NOTWITHSTANDING THE “REPRESENTATIONS, WARRANTIES, EXCLUSIVE REMEDIES AND DISCLAIMERS” SECTION AND “INDEMNIFICATION BY SPACETI” SECTION BELOW, THE FREE SERVICES ARE PROVIDED “AS-IS” WITHOUT ANY WARRANTY AND SPACETI SHALL HAVE NO INDEMNIFICATION OBLIGATIONS NOR LIABILITY OF ANY TYPE WITH RESPECT TO THE FREE SERVICES UNLESS SUCH EXCLUSION OF LIABILITY IS NOT ENFORCEABLE UNDER APPLICABLE LAW IN WHICH CASE SPACETI’S LIABILITY WITH RESPECT TO THE FREE SERVICES SHALL NOT EXCEED $1,000.00. WITHOUT LIMITING THE FOREGOING, SPACETI AND ITS AFFILIATES AND ITS LICENSORS DO NOT REPRESENT OR WARRANT TO CUSTOMER THAT: (A) CUSTOMER’S USE OF THE FREE SERVICES WILL MEET CUSTOMER’S REQUIREMENTS, (B) CUSTOMER’S USE OF THE FREE SERVICES WILL BE UNINTERRUPTED, TIMELY, SECURE OR FREE FROM ERROR, AND (C) USAGE DATA PROVIDED THROUGH THE FREE SERVICES WILL BE ACCURATE. NOTWITHSTANDING ANYTHING TO THE CONTRARY IN THE “LIMITATION OF LIABILITY” SECTION BELOW, CUSTOMER SHALL BE FULLY LIABLE UNDER THIS AGREEMENT TO SPACETI AND ITS AFFILIATES FOR ANY DAMAGES ARISING OUT OF CUSTOMER’S USE OF THE FREE SERVICES, ANY BREACH OF THIS AGREEMENT BY CUSTOMER AND ANY OF CUSTOMER’S INDEMNIFICATION OBLIGATIONS HEREUNDER.
- USE OF SERVICES
- Subscriptions. Unless otherwise provided in the applicable Order Form or Documentation, (a) Purchased Services are purchased as subscriptions for the term stated in the applicable Order Form or in the applicable online purchasing portal, (b) subscriptions for Purchased Services may be added during a subscription term at the same pricing as the underlying subscription pricing, prorated for the portion of that subscription term remaining at the time the subscriptions are added, and (c) any added subscriptions will terminate on the same date as the underlying subscriptions. Customer agrees that its purchases are not contingent on the delivery of any future functionality or features, or dependent on any oral or written public comments made by Spaceti regarding future functionality or features.
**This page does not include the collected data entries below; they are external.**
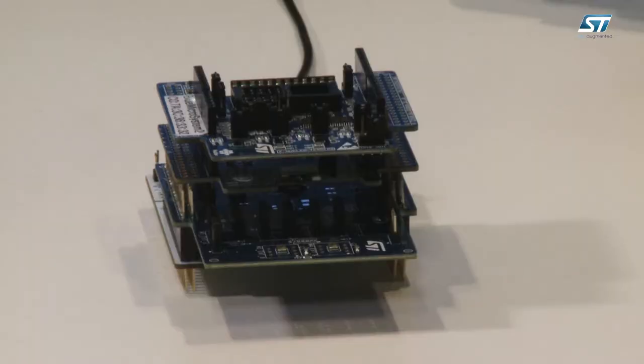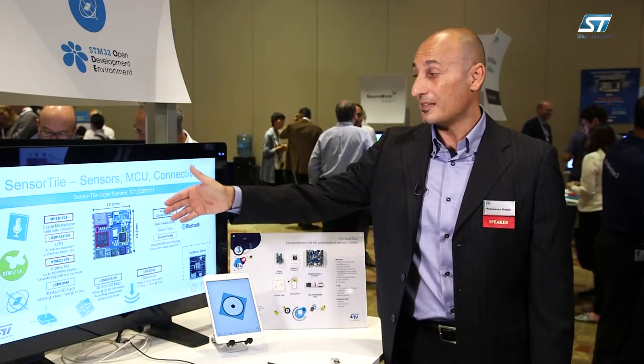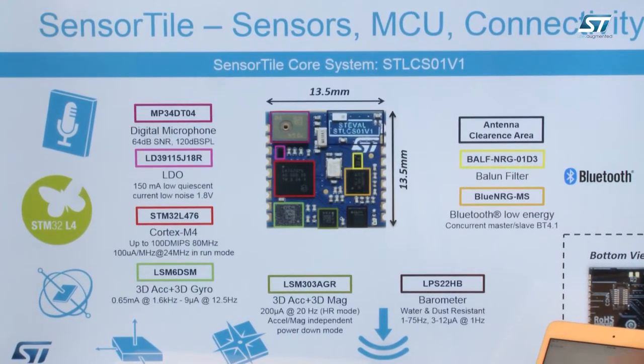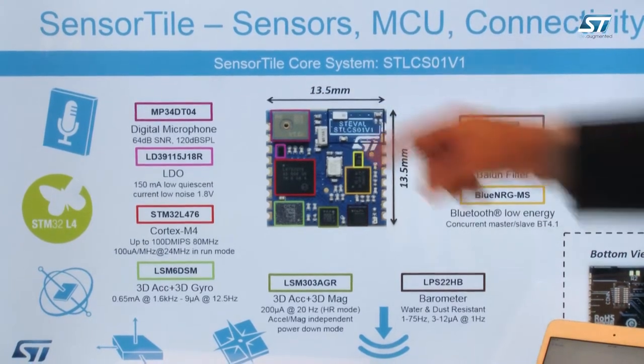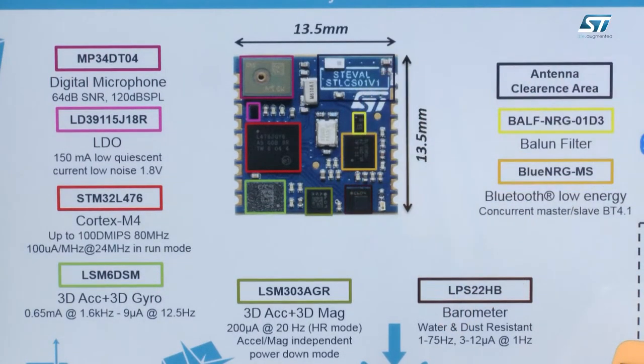You can see here an example developed with X-NUCLEO and NUCLEO boards. The sensor tile platform comes with an extensive number of sensors inside, all powered by an STM32 L4 low-power microcontroller. Specifically the platform supports a digital microphone, an LSM6DSM accelerometer plus gyro with very low power performance, the LSM303AGR accelerometer plus magnetometer, the water and dust resistance barometer LPS22HB, and a Bluetooth Low Energy radio that allows the sensor tile to communicate with smartphones such as iPhone and Android operated smartphones.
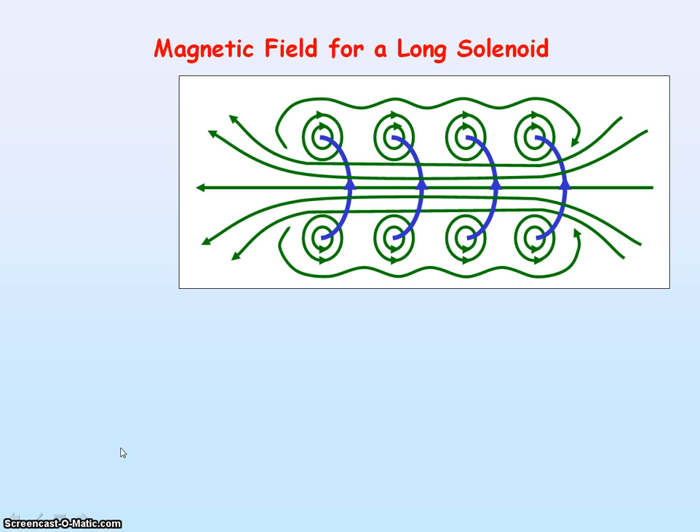We're now going to look at the magnetic field pattern for a long solenoid. A solenoid consists of turns or coils of wire — here we're showing four turns of wire. The blue arrow shows the direction of the current; at the top, the current is going into the plane of the screen. Applying the right hand grip rule, we point our thumb into the plane of the screen, and you'll see your fingers curve in a clockwise direction, indicating that the magnetic field here is clockwise. This is true for all points where the current is going into the plane of the screen.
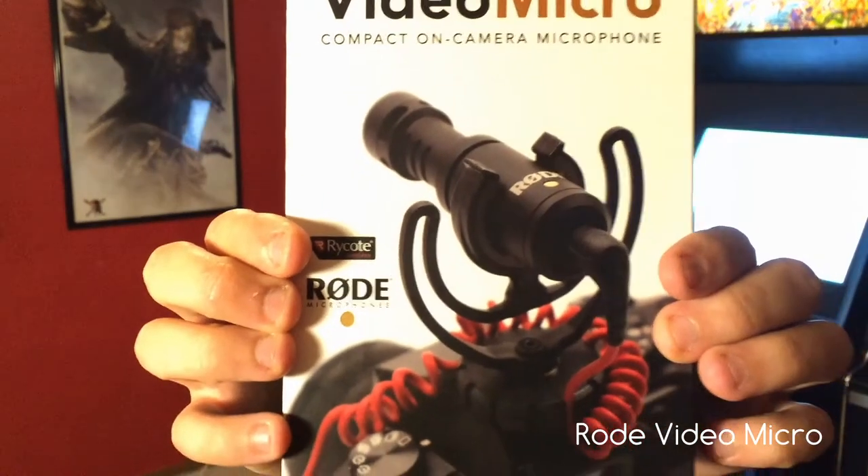Hi, I'm Rico. Look what I got. I got the VideoMicro by Rode and it's pretty good.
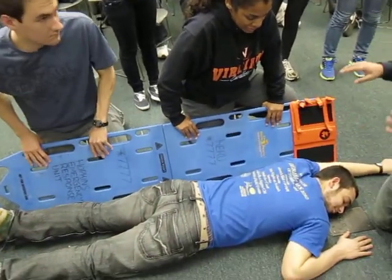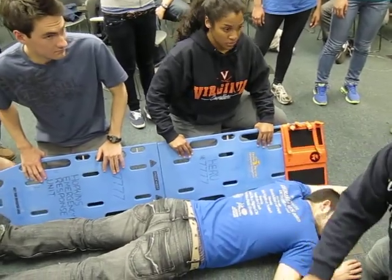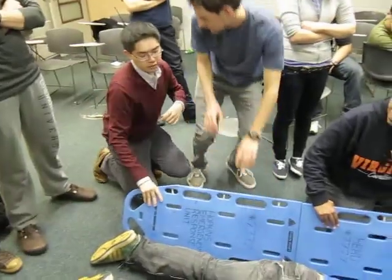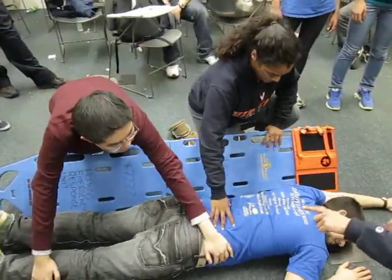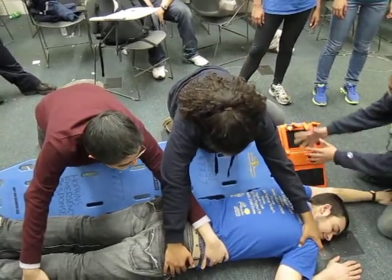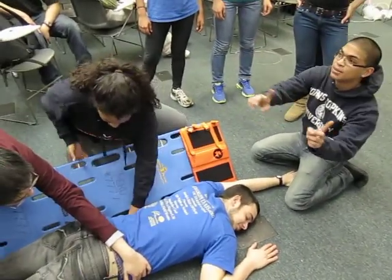The goal of this is to get them on the board but not have you stuck under the board. It's a very quick, fast movement. You're going to roll him on the board so that he's facing up — so that when he rolls, his head is going to be facing up.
- Usage Limits. Services are subject to usage limits specified in Order Forms and Documentation. If Customer exceeds a contractual usage limit, Spaceti may work with Customer to seek to reduce Customer’s usage so that it conforms to that limit. If, notwithstanding Spaceti’s efforts, Customer is unable or unwilling to abide by a contractual usage limit, Customer will execute an Order Form for additional quantities of the applicable Services promptly upon Spaceti’s request, and/or pay any invoice for excess usage in accordance with the “Invoicing and Payment” section below.
- Customer Responsibilities. Customer will (a) be responsible for Users’ compliance with this Agreement, Documentation and Order Forms, (b) be responsible for the accuracy, quality and legality of Customer Data, the means by which Customer acquired Customer Data, Customer’s use of Customer Data with the Services, and the interoperation of any Non-Spaceti Applications with which Customer uses Services, (c) use commercially reasonable efforts to prevent unauthorized access to or use of Services, and notify Spaceti promptly of any such unauthorized access or use, (d) use Services only in accordance with this Agreement, Documentation, Order Forms and applicable laws and government regulations, and (e) comply with terms of service of any Non-Spaceti Applications with which Customer uses Services. Any use of the Services in breach of the foregoing by Customer or Users that in Spaceti’s judgment threatens the security, integrity or availability of Spaceti’s services, may result in Spaceti’s immediate suspension of the Services, however Spaceti will use commercially reasonable efforts under the circumstances to provide Customer with notice and an opportunity to remedy such violation or threat prior to any such suspension.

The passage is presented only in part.